Could you transcribe each record below exactly as written, setting the pictures aside?

*** Opening of MATERIALS PROVIDED ***

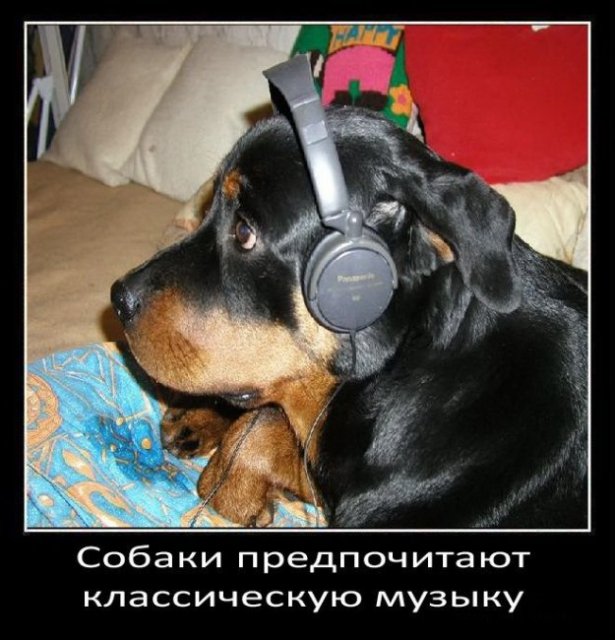 Собаки предпочитают классическую музык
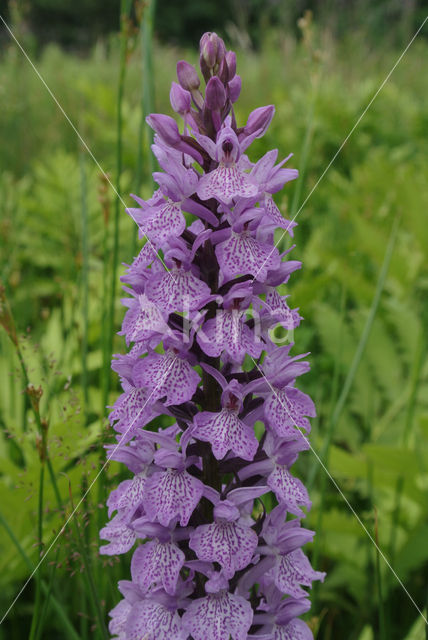 Gevlekte orchis (Dactylorhiza maculata)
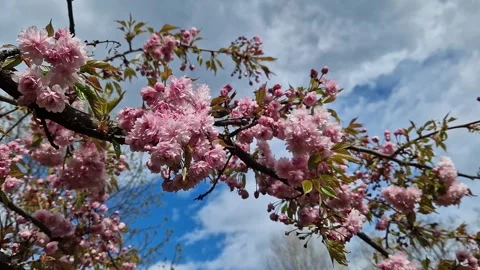 Branches of blooming cherry (sakura) with pink double flowers 스톡 동영상 334618482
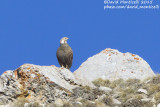 Caucasian Snowcock (Tetraogallus caucasicus)_Mt Gizilgaya (Greater Caucasus)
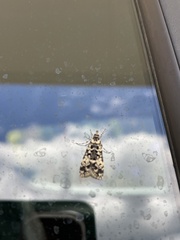 Scoparia exhibitalis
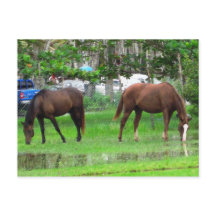 Cavalos Grazing em Icacos, Trinidade do Sul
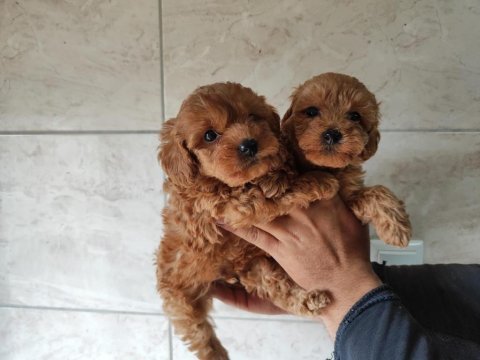 Maltipoo bebekler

*** Close of MATERIALS PROVIDED ***

RESPONSE BELOW:
 Собаки предпочитают классическую музык
 Gevlekte orchis (Dactylorhiza maculata)
 Branches of blooming cherry (sakura) with pink double flowers 스톡 동영상 334618482
 Caucasian Snowcock (Tetraogallus caucasicus)_Mt Gizilgaya (Greater Caucasus)
 Scoparia exhibitalis
 Cavalos Grazing em Icacos, Trinidade do Sul
 Maltipoo bebekler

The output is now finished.